LAから3時間でメキシコシティに到着。第一印象は「意外と栄えてる!」だった。スペイン領時代の影響でどこかヨーロピアンな雰囲気が漂う街並み。着いて早々、まずはオカダに連絡を取る。

オカダは、2019年に岡本太郎美術館でポートレート撮影をしてくれた友人である。どこで知り合ったのかも覚えてないし、どんな流れで撮影することになったのかもすべて不明だ。記憶喪失である。知っているのはXだけで、写真のデータを送ってくれたのが最後のメッセージになっている。お察しの通り、決して仲が悪いわけではないが、めっちゃ仲が良いというわけでもない。1、2回しか会ったことがないし、そもそも7年も連絡を取っていないのだ。もはや知り合いである。

しかし、Xというのは不思議なもので、たまにオカダの近況を運んできてくれる。日本から上海に移り住んで仕事をしていること。トランクひとつで引越しをしたこと。ミニマリスト同士でスペースをやっていること。そんなオカダのプロフィールに飛んでみると、名前の横にメキシコの絵文字がちょこんとついていた。

えっ、オカダ、メキシコにいるの!?!?

気付いたらメッセージを送っていた。すぐに返信が来る。今さらながらLINEを交換し、とんとん拍子で会うことになった。オカダはわたしのことを「ゆぴち」と呼んだ。そういえば「ゆぴち」と呼ばれていたことを思い出した。オカダはちゃんとわたしのことを憶えていたのである!

ノープランでメキシコに降りたとうとしているわたしに、オカダは観光マップやらおすすめのタコス屋やら、ありとあらゆる観光情報を送ってくれ、最終的には3日ぶんのプランまで組んでくれた。ありがたい。

しかし、彼女は飛行機でビュンと飛んで行けるようなところを、わざわざ陸路3,000kmを選んで夜行バスに乗るような体力おばけだ。朝ごはんがなければチェックアウトぎりぎりまで寝ているような我々は、結局組んでくれたプランの半分も消化できなかった。

タコス屋で合流してから連れて行ってくれたのは、メキシコシティの下北沢(byオカダ)。おしゃれなカフェやパン屋さん、本屋さんなどが点在していて落ち着いた雰囲気だ。

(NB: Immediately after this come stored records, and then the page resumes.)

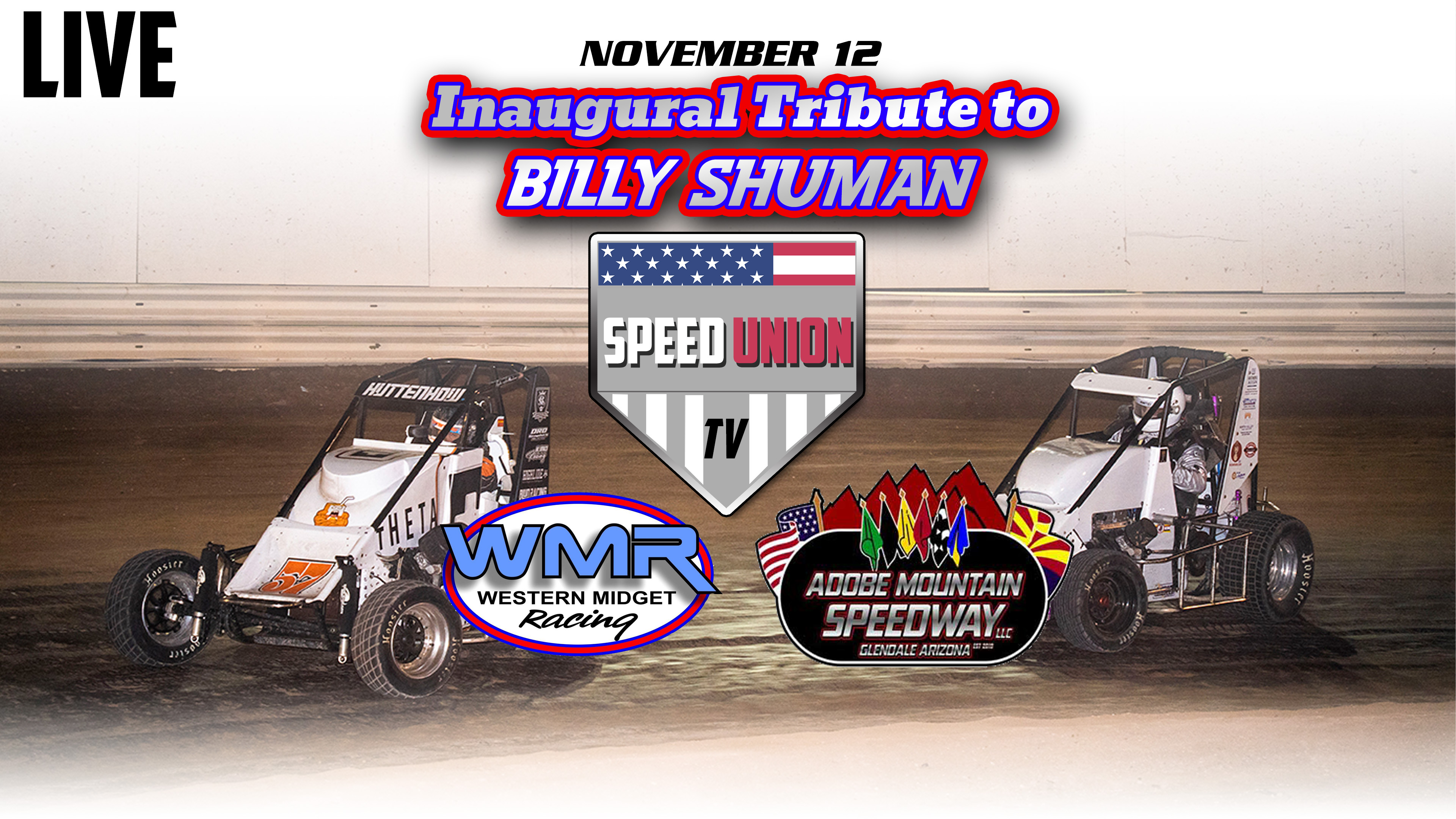 11.12.22 Adobe Mountain Speedway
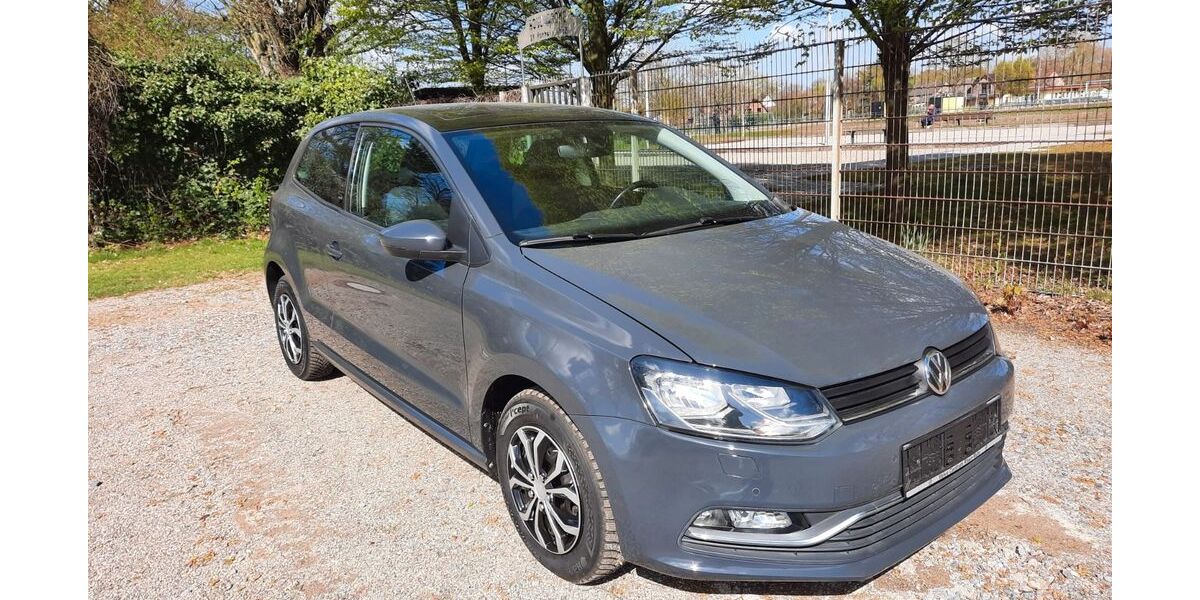 VW Polo 146.500 km 7.400 &euro; Duisburg 47167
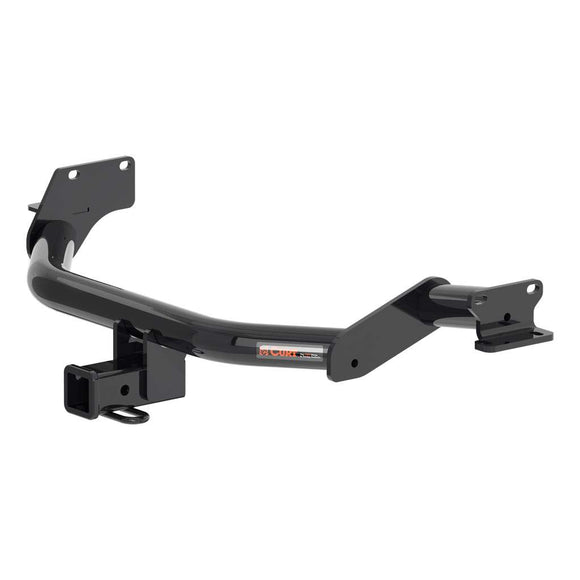 13420 | Class 3 Trailer Hitch, 2" Receiver, Select Kia Telluride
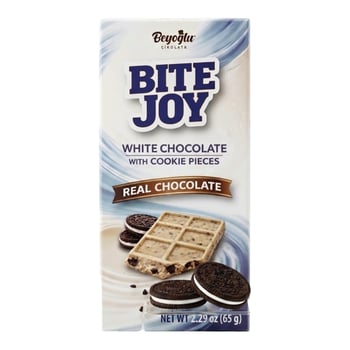 Beyoğlu Bite Joy Tablet 65 Gr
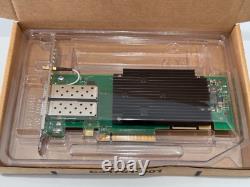Solarflare XtremeScale X2522-25G+Plus Dual Port 25 Gigabit SFP28 PCI-e NIC 25G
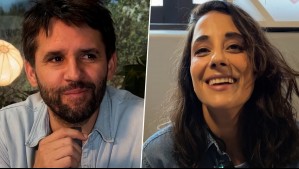 ¿Habrá reconciliación? Mario Horton y Elisa Zulueta hablan de la separación de sus personajes en RDS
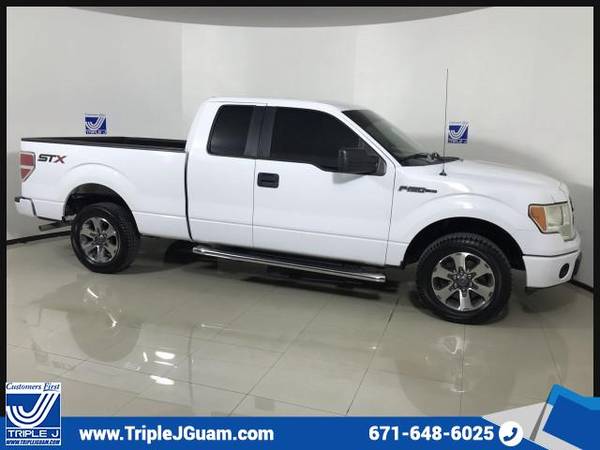 2014 Ford F-150 - - by dealer for sale in Other, Other – photo 13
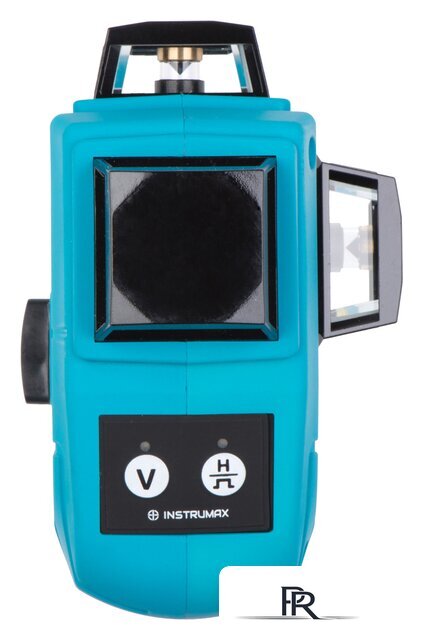 Лазерный нивелир Instrumax 3D RED [IM0118] - Изображение №4 — Интернет-магазин ПроЗаказ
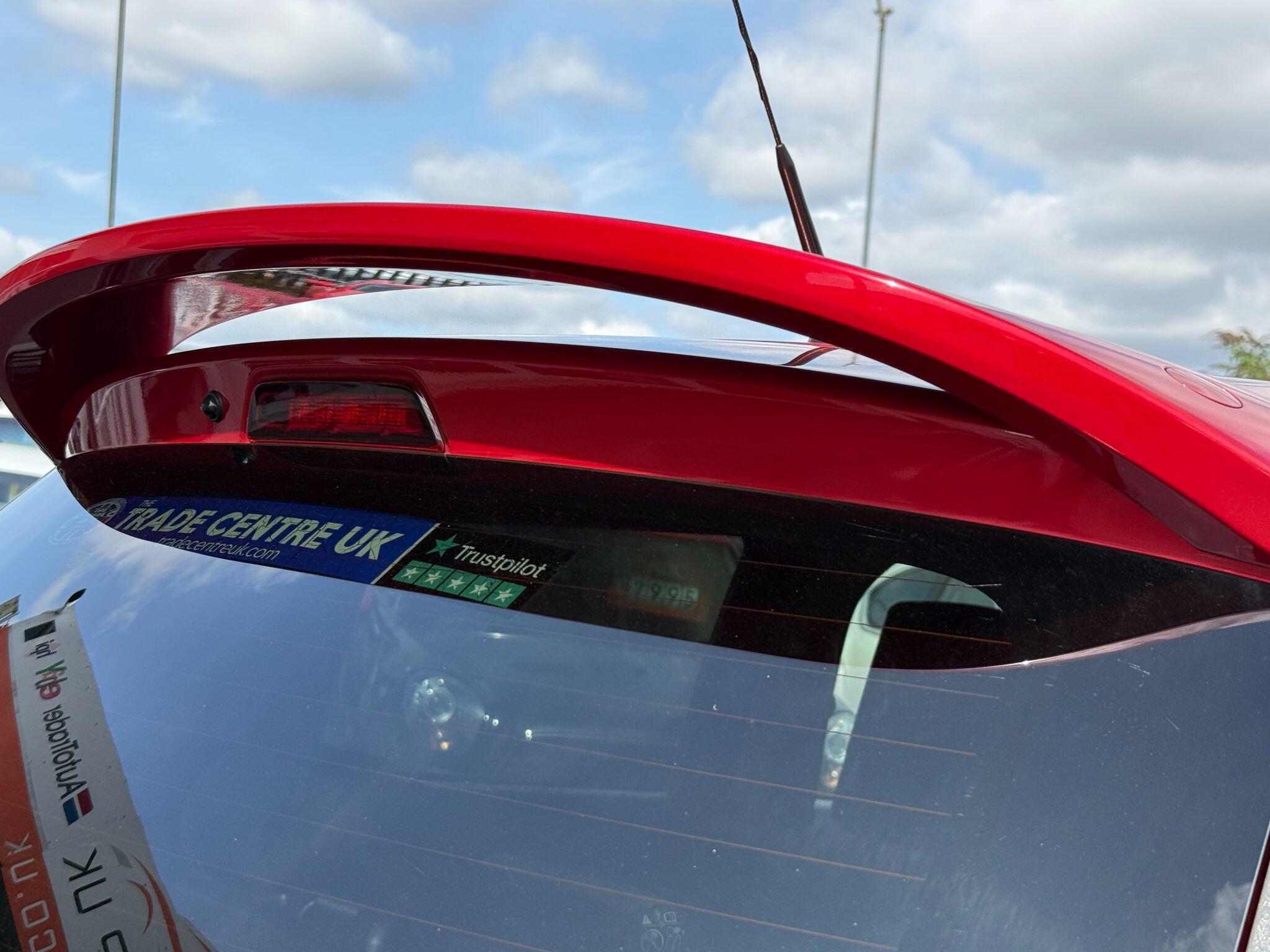 Suzuki Swift - Image 18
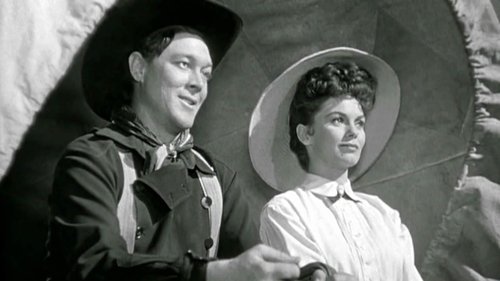 Caravana de paz (1950) PelículA CompletA 1080p en LATINO espanol Latino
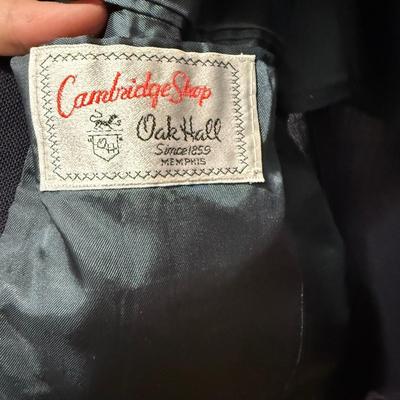 Men’s Lands’ End Pants Size 32 and More (PB-BM)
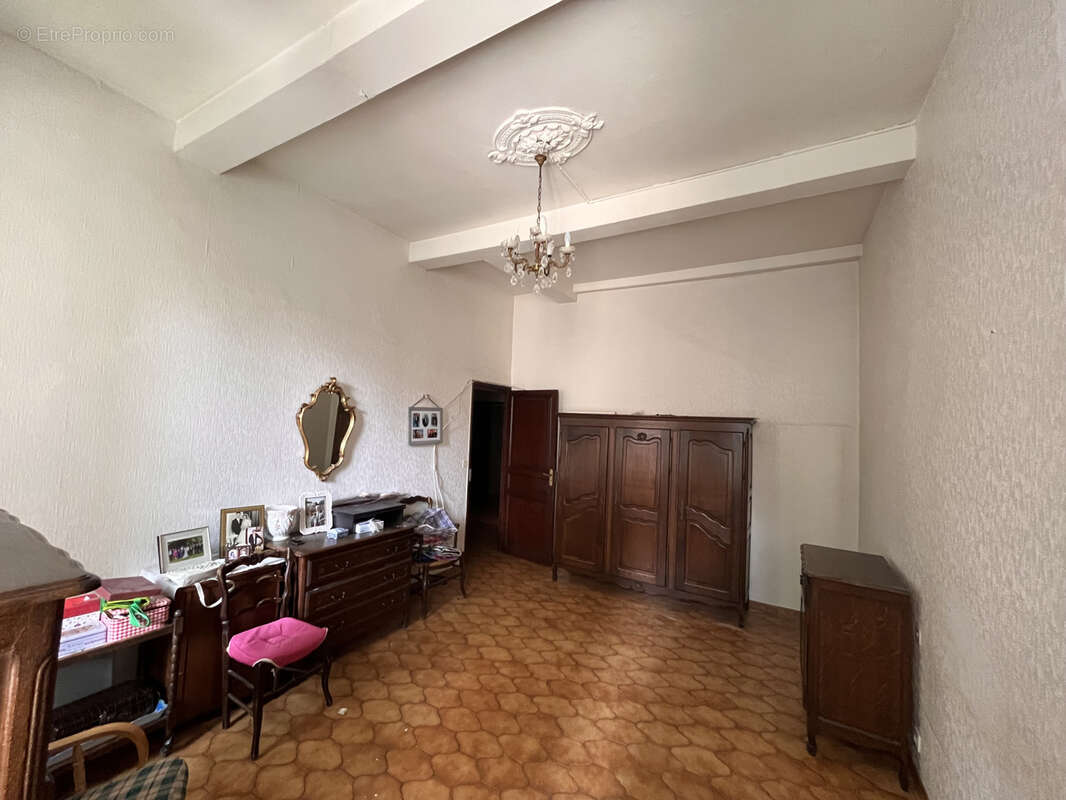 Appartement à NARBONNE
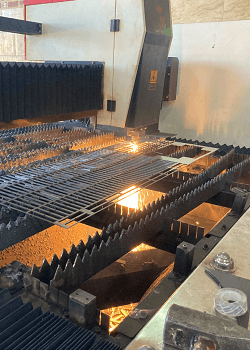 کارخانه ساخت مبین صنعت راستین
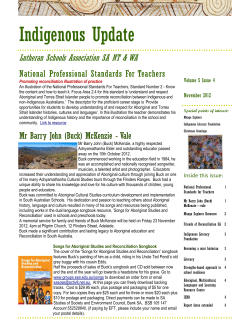 2012 November Volume 5 Issue 4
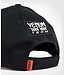 Venum Venum Motorsport Snapback Cap Hat Deep Black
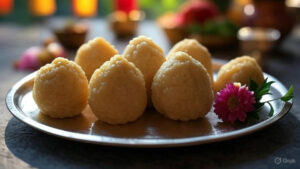Ganesh Chaturthi  famous modak recipe in hindi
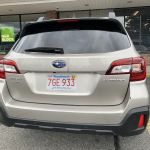 Enterprise Rent-A-Car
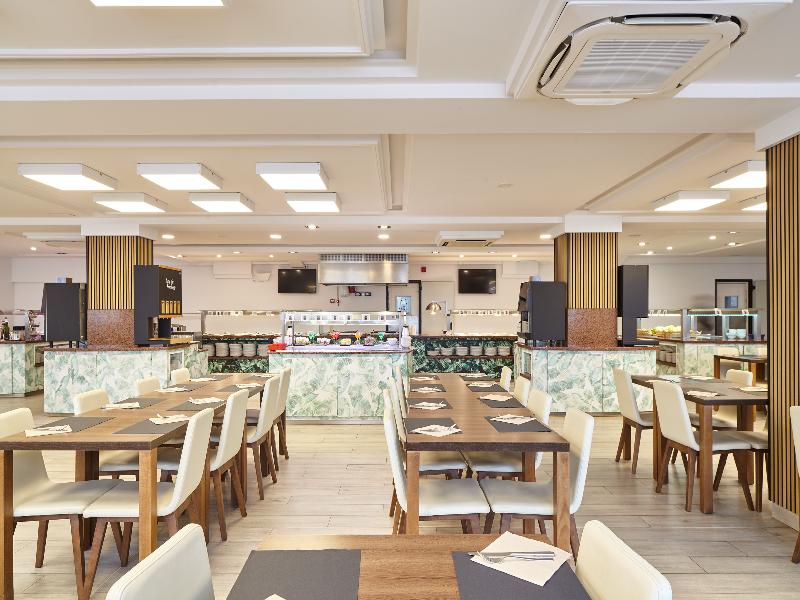 Invisa Hotel Es Pla image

このチュロスが人気らしい。どうも1人4本食するのがデフォらしいけど、この量をひとりで?正気か?と思いながら2本食べた。メキシコ人は朝ごはんを食べて、10時におやつを食べて、ランチを食べるらしい。めっちゃ食べている。

続いて、メキシコシティの成城石井(byオカダ)に行く。シリアルのパッケージにいるキャラクターが軒並み隠されており、「子どもがキャラクターに釣られて欲しがったら困るから」アンヘルシーなものはキャラクターが潰されているらしい。ちなみに右上に貼られているシールは「カロリー過多」「砂糖過多」など、一定の基準値を超えたら貼られるらしいが、ほとんどの食品に貼られていた。

パクチーもりもりで死にそう

マーケットでは、おすすめのお土産を教えてもらう。メキシコ土産はカラフルなバッグが人気らしい。そしてオカダはモノトーンのバッグを持っているらしい。(なんで)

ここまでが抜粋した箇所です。